• **Directions for this task**
Here are records with pictures in them. Copy all of them exactly and leave the pictures out.
Excerpted records START
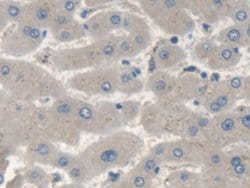 Invitrogen SMN2 Polyclonal Antibody 20 &mu;L; Unconjugated:Antibodies,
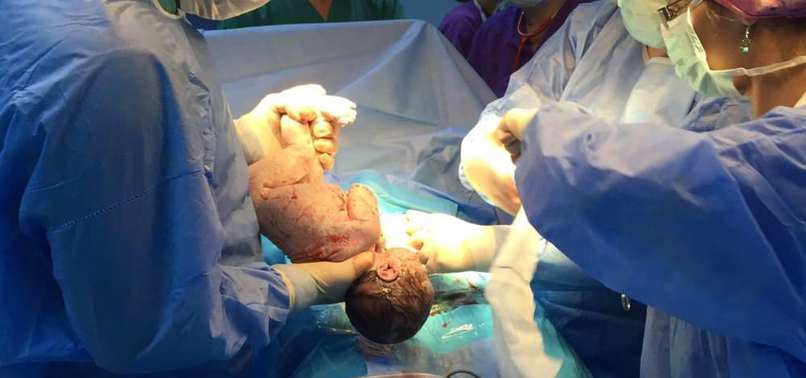 “Sezaryen Oranlarımız Özel Hastanelerde Yüksek, Devlette&nbsp;Normal”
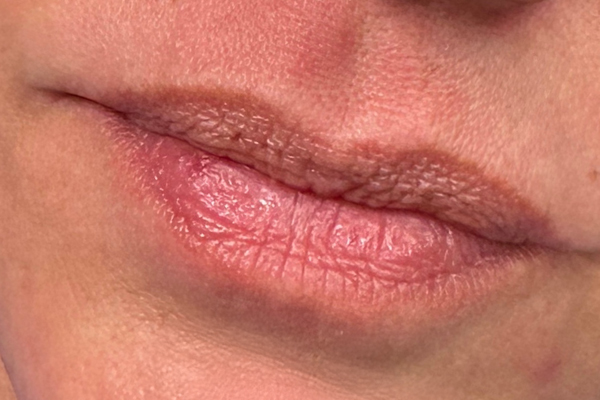 Close-up of a person's lips with natural texture and color.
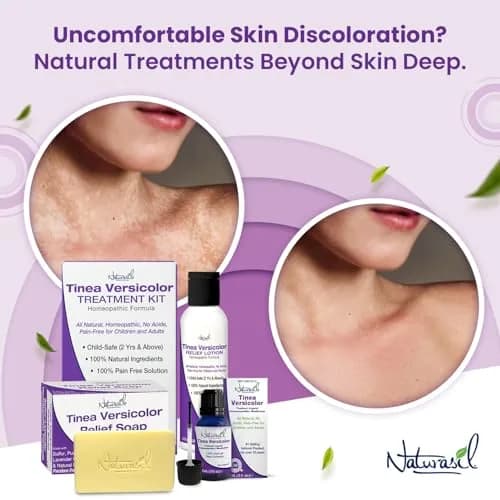 Naturasil Tinea Versicolor Treatment Sulfur Soap 2 Pack | Natural Antifungal Relief for Skin Discoloration thumbnail 2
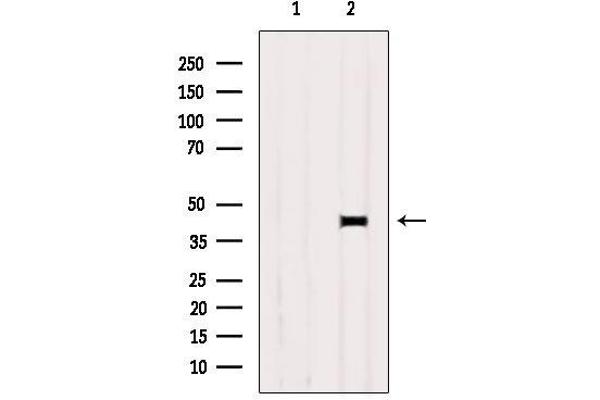 PRLHR 抗体  (Internal Region)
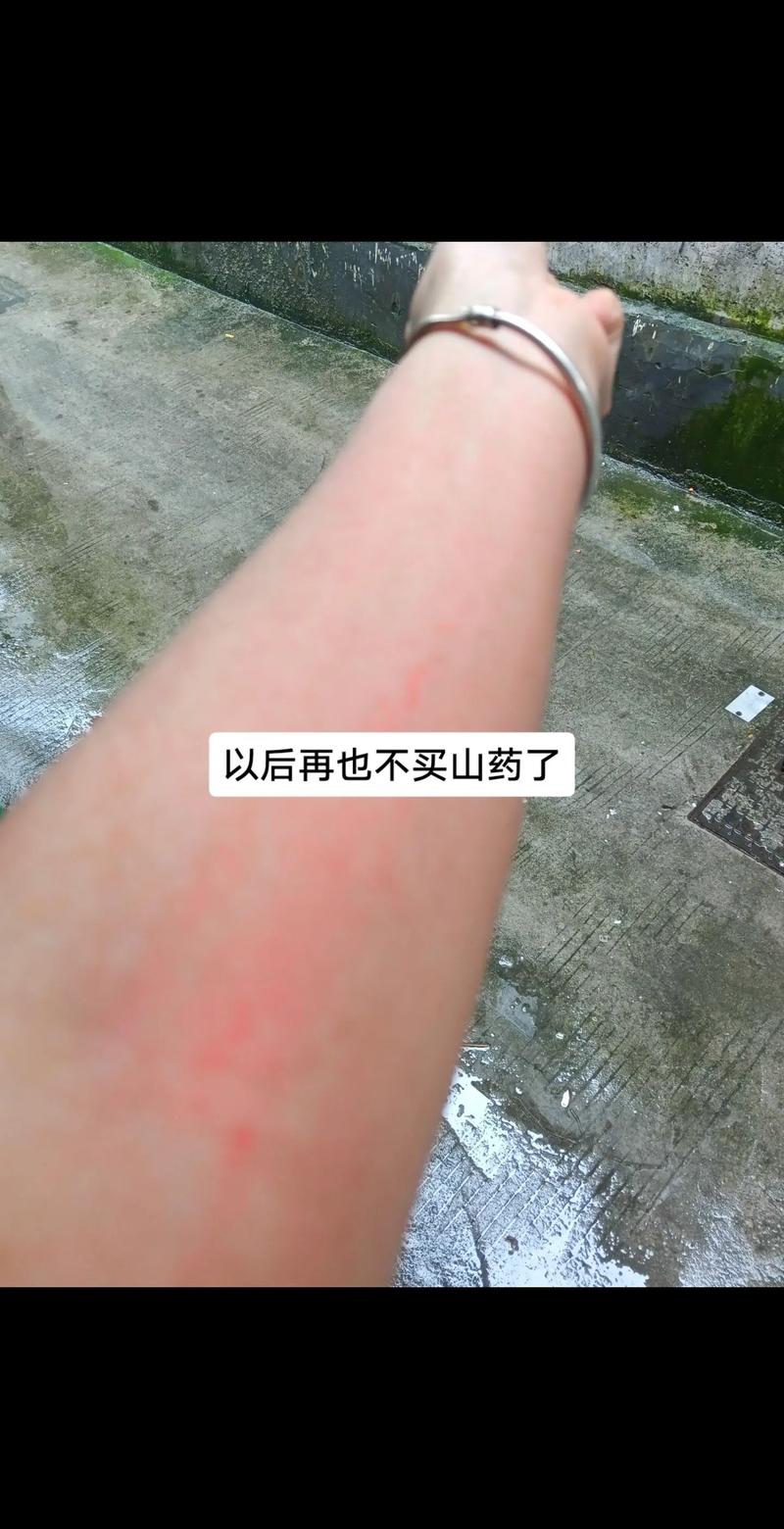 削山药皮手痒怎么办?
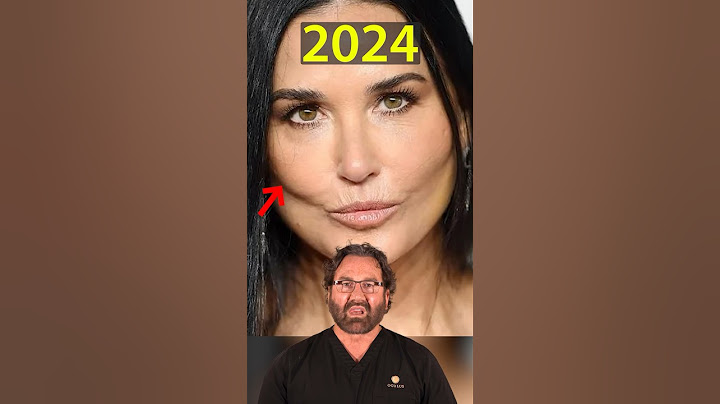 Demi Moore’s New Face (2024) | Plastic Surgeon Reacts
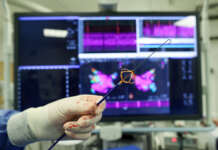 Fibrillazione atriale, al Fatebenefratelli le prime due ablazioni a campo pulsato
Excerpted records END
• **Result of this exercise**
 Invitrogen SMN2 Polyclonal Antibody 20 &mu;L; Unconjugated:Antibodies,
 “Sezaryen Oranlarımız Özel Hastanelerde Yüksek, Devlette&nbsp;Normal”
 Close-up of a person's lips with natural texture and color.
 Naturasil Tinea Versicolor Treatment Sulfur Soap 2 Pack | Natural Antifungal Relief for Skin Discoloration thumbnail 2
 PRLHR 抗体  (Internal Region)
 削山药皮手痒怎么办?
 Demi Moore’s New Face (2024) | Plastic Surgeon Reacts
 Fibrillazione atriale, al Fatebenefratelli le prime due ablazioni a campo pulsato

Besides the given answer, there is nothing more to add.